Sous les dorures du théâtre néo-renaissance Victoria Eugenia, le pianiste russe qui a l’habitude de ne jamais dévoiler son programme à l’avance, débuta par la partita°1 en si bémol majeur de Jean-Sébastien Bach. Il faut dire que l’on n’avait pas entendu cette pièce interprétée ainsi depuis bien longtemps. Le pianiste construisit lentement son édifice personnel, embarquant l’auditeur dans un voyage musical totalement déconcertant où le rythme hallucinant de l’allemande n’eut de beauté que cette sarabande qui restera certainement dans toutes les mémoires. En guise de conclusion, la gigue exprima une joie de vivre qu’éprouva très certainement – malgré l’image de sévérité qui lui colle à la peau – Jean-Sébastien Bach.

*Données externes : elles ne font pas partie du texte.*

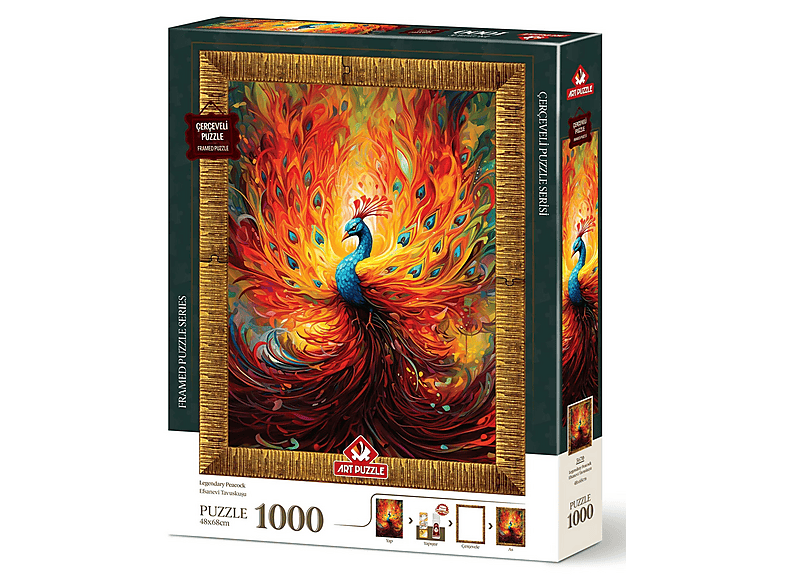 ART PUZZLE Efsanevi Tavuskuşu 1000 Parça Çerçeveli Puzzle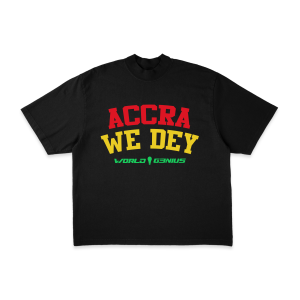 WORLDG3NIUS "ACCRA WE DEY " Classic Black T-Shirt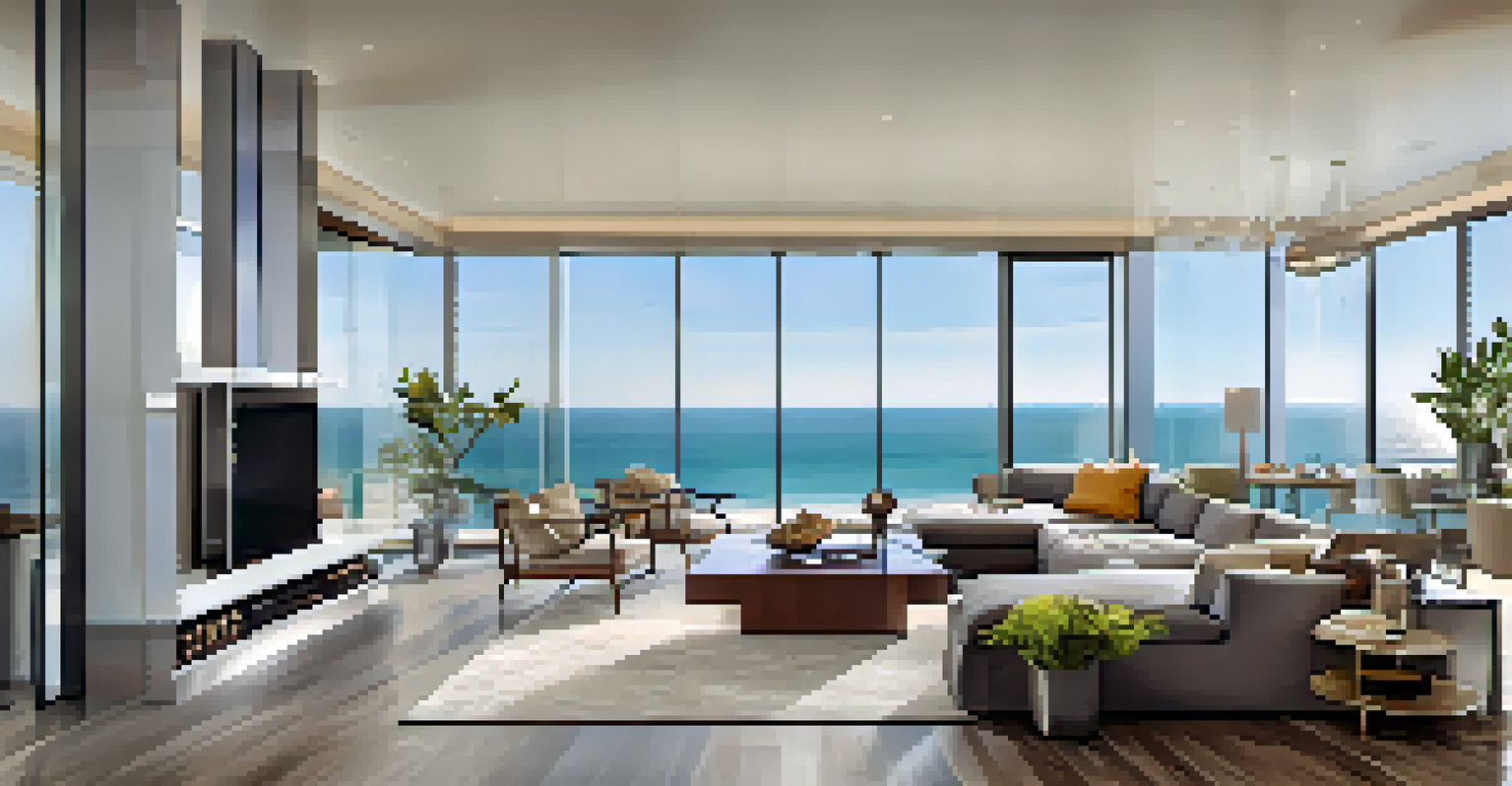 A luxurious condo interior with ocean views and modern decor in Santa Monica.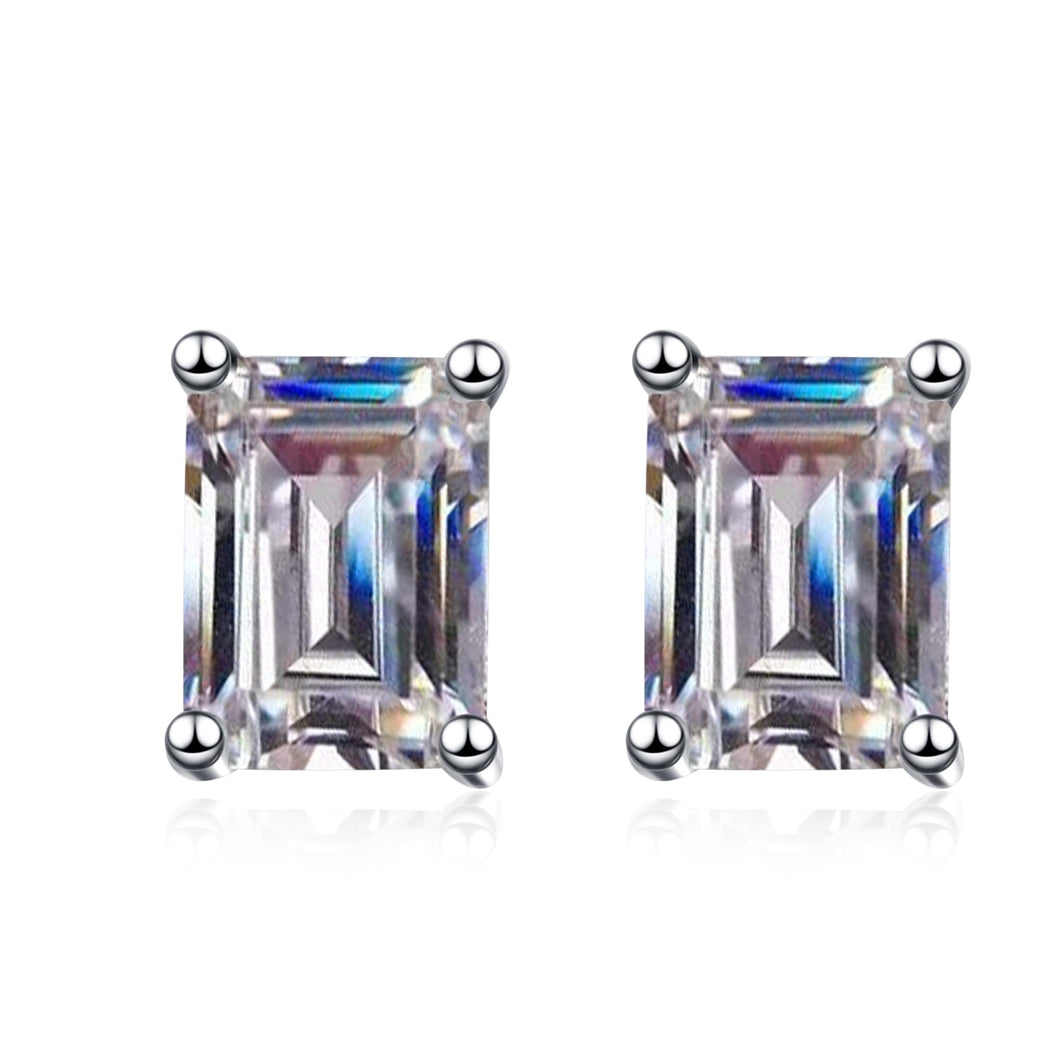 StarGems® Emerald Cut 2ct×2 Moissanite 925 Silver Platinum Plated Stud Earrings EX046
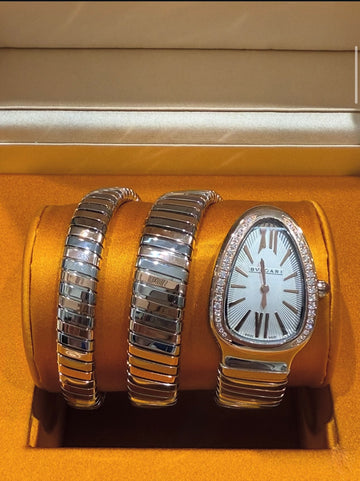 Unworn BVLGARI Serpenti Tubogas Double Spiral Watch – 35mm – Stainless Steel & 18K Rose Gold – Diamond Bezel – Ref. 103149 (2025)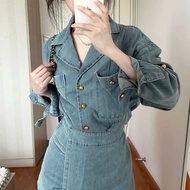 ภาษาฝรั่งเศสคํา Vintage Denim ชุดผู้หญิงฤดูร้อนหลวมไม่สมมาตรเสื้อเอวสูง A- Line กระโปรงมินิชุด 2 ชิ้
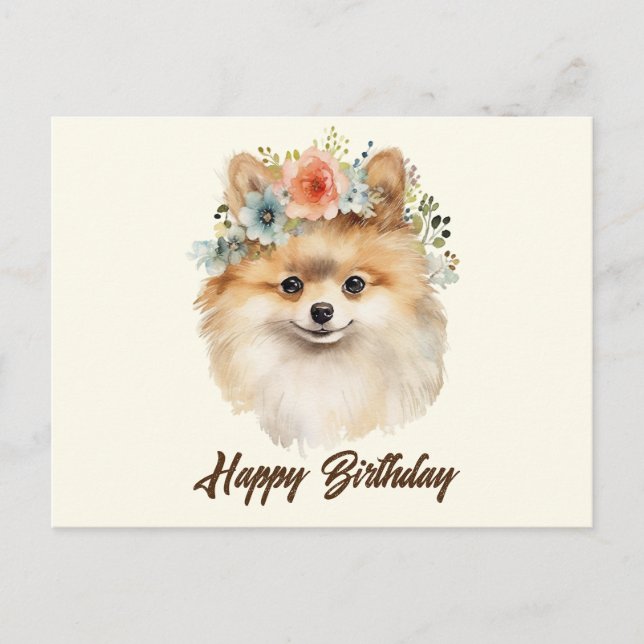 Carte Postale Joyeux Anniversaire Chien Pomeranian Mignon avec d (Devant)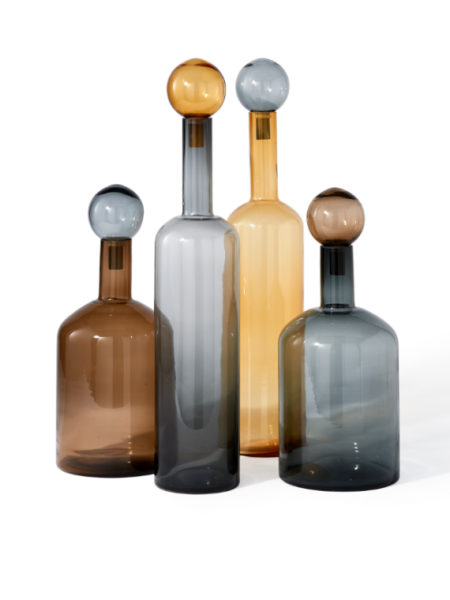 Pols Potten ensemble Bubbles & Bottles Chic Mix XXL cognac · vue de trois quarts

Si les programmes des concerts de Sokolov peuvent parfois apparaître déroutant en mêlant pièces baroques et romantiques, ces dernières ne servent en fait qu’à construire l’atmosphère de son univers pianistique dans lequel le pianiste entraîne jusqu’à l’ivresse des auditeurs comblés. Preuve en fut une nouvelle fois avec la sonate n°7 de Beethoven dans laquelle il laissa exploser toute la passion du jeune compositeur, étendant le tempo du second mouvement jusqu’à la rupture. En alternant férocité et sensibilité, Sokolov fit monter une émotion qui nous a bouleversés.
Déjà bien éprouvé, le spectateur n’était pas au bout de ses émotions car la sonate en la mineur de Schubert fut un choc. Avec Sokolov, cette musique raconte une histoire, elle évoque un destin, une époque et traduit parfaitement ce sentiment de nostalgie libéré de toute forme de regret ou de tragédie. Grâce à son toucher si exceptionnel, celui qui remporta le concours Tchaïkovski en 1966 à 16 ans seulement, délivra une partition d’une générosité rare. Revenant à quatre reprises pour offrir à un public ravi d’autres moments de communion et de bonheur, Grigori Sokolov prouva que la musique n’est pas jouée pour être écoutée mais bel et bien pour être aimée.